→ DATA RECORDS
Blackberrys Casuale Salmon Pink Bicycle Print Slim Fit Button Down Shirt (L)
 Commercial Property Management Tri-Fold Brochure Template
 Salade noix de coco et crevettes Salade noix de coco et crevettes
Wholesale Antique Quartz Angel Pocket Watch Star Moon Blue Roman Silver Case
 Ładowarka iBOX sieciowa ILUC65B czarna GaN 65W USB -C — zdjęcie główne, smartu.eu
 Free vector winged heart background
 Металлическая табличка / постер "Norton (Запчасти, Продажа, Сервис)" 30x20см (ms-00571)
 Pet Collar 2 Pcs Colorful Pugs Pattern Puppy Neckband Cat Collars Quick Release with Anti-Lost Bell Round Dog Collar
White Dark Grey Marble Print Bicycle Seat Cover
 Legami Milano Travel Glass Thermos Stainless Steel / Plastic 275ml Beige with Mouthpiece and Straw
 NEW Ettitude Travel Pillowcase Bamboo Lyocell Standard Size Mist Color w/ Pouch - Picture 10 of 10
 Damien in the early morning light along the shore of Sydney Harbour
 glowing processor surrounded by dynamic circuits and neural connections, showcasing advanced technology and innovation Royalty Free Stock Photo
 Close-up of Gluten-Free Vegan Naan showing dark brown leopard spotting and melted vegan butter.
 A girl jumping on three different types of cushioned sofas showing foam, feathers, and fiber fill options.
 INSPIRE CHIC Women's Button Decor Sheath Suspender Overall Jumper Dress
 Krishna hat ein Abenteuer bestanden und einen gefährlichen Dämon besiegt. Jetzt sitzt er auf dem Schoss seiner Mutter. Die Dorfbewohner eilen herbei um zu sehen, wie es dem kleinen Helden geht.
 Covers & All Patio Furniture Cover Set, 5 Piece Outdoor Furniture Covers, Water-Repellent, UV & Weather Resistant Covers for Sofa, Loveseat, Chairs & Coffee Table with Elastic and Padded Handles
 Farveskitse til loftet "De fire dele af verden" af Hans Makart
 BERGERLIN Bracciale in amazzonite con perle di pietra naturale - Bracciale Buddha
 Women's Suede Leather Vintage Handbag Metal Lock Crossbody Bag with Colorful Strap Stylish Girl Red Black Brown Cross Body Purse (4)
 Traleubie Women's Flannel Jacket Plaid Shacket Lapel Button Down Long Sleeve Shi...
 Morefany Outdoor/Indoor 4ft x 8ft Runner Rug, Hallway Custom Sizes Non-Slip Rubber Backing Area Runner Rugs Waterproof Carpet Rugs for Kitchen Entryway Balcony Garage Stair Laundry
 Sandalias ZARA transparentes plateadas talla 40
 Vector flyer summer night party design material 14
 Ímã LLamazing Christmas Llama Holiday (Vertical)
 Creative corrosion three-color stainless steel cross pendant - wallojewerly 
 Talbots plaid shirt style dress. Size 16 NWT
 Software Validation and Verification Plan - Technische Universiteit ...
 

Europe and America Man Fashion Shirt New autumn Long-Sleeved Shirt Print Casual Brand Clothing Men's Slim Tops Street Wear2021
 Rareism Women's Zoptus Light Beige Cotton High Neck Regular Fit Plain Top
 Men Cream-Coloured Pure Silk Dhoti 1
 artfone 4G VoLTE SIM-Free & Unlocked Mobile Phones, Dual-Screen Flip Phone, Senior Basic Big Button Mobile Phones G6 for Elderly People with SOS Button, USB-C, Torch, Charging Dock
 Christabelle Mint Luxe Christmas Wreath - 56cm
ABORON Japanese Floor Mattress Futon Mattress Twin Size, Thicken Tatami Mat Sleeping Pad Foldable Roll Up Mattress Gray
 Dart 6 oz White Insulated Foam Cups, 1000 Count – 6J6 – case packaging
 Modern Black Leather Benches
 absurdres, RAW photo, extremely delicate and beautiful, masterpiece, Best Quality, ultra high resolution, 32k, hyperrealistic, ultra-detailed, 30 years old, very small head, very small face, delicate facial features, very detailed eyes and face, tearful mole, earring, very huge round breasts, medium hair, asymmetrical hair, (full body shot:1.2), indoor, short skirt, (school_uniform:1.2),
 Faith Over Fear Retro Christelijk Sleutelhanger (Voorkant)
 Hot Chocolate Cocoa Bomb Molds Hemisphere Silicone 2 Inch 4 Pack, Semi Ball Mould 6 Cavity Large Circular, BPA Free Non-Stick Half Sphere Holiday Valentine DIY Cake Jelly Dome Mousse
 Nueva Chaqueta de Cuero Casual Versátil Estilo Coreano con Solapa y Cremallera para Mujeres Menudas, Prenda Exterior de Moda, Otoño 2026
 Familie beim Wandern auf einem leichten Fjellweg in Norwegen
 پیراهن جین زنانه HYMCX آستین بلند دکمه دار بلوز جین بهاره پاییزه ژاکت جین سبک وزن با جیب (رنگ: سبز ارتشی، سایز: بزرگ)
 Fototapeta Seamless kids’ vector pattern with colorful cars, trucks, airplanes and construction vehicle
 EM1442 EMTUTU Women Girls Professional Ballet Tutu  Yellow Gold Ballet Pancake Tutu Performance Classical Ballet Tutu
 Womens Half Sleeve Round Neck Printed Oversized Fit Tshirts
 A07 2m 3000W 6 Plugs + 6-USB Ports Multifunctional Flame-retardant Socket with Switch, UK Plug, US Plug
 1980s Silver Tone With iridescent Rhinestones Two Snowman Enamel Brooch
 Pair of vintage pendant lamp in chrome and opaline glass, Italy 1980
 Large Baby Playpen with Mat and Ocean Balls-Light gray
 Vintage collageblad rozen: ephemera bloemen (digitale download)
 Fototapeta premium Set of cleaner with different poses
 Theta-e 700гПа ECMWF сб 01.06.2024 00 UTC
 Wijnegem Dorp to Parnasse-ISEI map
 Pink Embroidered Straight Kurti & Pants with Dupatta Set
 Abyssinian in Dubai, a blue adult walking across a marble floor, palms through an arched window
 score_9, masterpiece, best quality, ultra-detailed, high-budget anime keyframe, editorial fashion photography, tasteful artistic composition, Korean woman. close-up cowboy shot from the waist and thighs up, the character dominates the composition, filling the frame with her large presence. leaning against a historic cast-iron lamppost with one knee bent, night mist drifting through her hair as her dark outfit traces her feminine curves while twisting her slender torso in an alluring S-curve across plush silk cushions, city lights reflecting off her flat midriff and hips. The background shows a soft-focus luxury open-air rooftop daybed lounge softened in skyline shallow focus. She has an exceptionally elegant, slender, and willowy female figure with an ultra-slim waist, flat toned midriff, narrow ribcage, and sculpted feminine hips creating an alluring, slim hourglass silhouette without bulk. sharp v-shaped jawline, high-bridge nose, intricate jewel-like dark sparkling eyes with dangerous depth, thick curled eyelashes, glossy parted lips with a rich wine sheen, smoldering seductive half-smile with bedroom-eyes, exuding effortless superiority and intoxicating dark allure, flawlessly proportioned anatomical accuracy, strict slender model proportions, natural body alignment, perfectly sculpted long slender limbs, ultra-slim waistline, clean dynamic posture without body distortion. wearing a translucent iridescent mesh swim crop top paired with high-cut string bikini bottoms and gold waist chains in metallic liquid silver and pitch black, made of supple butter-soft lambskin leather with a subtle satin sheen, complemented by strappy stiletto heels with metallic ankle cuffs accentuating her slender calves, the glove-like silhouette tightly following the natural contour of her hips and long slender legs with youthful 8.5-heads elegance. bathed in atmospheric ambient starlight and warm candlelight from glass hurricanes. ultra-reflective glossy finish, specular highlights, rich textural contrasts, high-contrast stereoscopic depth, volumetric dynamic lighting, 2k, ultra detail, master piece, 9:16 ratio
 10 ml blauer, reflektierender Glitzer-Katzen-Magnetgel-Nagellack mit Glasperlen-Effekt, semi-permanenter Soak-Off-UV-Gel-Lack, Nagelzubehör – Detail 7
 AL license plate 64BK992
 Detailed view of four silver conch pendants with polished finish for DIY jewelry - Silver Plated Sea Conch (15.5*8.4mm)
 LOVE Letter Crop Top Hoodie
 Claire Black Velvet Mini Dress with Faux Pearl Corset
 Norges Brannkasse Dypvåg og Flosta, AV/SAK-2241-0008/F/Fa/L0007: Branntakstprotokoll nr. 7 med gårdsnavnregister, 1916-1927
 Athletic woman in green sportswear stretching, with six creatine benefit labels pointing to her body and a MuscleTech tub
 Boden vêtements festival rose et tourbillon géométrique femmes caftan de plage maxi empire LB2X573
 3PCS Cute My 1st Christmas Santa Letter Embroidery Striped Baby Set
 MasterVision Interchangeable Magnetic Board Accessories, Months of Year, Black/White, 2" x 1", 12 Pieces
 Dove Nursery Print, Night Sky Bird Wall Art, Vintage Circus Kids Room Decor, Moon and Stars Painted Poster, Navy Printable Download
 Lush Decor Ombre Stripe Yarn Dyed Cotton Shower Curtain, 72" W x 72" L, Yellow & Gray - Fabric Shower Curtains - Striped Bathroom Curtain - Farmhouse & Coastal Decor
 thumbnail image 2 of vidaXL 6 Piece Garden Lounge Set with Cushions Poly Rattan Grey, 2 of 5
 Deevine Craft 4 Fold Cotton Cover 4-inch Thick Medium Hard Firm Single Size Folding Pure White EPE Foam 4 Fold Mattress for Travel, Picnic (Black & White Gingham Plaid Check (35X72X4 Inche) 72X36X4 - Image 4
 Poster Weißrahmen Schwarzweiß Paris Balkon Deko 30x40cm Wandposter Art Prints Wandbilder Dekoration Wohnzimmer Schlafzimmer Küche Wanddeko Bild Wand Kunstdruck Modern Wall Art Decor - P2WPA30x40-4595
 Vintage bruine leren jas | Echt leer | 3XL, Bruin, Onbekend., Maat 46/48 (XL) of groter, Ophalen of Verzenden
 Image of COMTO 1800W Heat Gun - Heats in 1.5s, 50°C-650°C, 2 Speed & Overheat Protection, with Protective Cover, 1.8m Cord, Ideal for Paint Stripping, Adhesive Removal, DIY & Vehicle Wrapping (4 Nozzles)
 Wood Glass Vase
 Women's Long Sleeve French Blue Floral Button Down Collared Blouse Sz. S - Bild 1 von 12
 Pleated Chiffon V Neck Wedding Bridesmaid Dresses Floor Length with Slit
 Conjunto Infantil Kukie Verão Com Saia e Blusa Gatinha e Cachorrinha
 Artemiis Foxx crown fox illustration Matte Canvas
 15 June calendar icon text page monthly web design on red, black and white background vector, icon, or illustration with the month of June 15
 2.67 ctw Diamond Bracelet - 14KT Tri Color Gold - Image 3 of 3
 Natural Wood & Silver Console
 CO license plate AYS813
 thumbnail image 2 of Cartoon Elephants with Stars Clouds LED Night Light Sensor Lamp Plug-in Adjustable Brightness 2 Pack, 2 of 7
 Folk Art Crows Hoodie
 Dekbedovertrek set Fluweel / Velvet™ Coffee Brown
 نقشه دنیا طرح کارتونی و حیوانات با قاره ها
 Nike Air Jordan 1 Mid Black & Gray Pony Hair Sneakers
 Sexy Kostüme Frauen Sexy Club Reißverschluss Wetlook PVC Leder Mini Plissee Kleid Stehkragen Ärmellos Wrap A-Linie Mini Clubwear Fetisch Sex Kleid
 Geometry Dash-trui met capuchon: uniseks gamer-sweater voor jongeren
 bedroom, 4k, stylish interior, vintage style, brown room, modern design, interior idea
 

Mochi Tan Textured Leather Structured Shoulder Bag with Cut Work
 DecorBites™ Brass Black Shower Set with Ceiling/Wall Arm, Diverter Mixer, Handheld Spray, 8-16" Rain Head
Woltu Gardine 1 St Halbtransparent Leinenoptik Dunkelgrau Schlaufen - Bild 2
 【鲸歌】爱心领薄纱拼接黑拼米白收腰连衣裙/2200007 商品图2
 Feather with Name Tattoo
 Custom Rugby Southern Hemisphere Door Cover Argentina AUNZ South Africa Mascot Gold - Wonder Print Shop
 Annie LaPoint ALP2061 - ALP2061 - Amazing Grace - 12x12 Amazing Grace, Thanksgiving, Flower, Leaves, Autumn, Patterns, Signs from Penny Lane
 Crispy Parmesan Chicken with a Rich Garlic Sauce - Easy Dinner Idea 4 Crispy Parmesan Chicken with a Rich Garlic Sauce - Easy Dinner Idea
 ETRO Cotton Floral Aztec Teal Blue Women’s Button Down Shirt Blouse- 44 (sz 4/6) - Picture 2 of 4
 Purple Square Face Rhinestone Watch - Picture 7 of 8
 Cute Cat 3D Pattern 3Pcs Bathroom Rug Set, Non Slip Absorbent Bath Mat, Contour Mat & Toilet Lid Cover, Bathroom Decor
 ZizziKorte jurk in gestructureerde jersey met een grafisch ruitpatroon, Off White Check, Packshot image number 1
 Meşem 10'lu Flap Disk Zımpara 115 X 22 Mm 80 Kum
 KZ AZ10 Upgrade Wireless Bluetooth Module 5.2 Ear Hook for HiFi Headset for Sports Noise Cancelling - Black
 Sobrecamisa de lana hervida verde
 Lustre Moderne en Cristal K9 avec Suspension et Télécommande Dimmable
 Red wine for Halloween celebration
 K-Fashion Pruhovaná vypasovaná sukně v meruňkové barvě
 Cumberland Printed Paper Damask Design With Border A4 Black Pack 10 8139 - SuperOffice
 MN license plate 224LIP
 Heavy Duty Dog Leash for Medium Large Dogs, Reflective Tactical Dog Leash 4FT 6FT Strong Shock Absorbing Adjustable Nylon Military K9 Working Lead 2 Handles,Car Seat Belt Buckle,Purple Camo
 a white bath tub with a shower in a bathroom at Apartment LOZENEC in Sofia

→ WORK REQUIRED
All lines above from the one containing "15 June calendar" to the one containing "Nike Air Jordan" must be repeated exactly, both lines included, and no others.

→ RESPONSE TO THE TASK
 15 June calendar icon text page monthly web design on red, black and white background vector, icon, or illustration with the month of June 15
 2.67 ctw Diamond Bracelet - 14KT Tri Color Gold - Image 3 of 3
 Natural Wood & Silver Console
 CO license plate AYS813
 thumbnail image 2 of Cartoon Elephants with Stars Clouds LED Night Light Sensor Lamp Plug-in Adjustable Brightness 2 Pack, 2 of 7
 Folk Art Crows Hoodie
 Dekbedovertrek set Fluweel / Velvet™ Coffee Brown
 نقشه دنیا طرح کارتونی و حیوانات با قاره ها
 Nike Air Jordan 1 Mid Black & Gray Pony Hair Sneakers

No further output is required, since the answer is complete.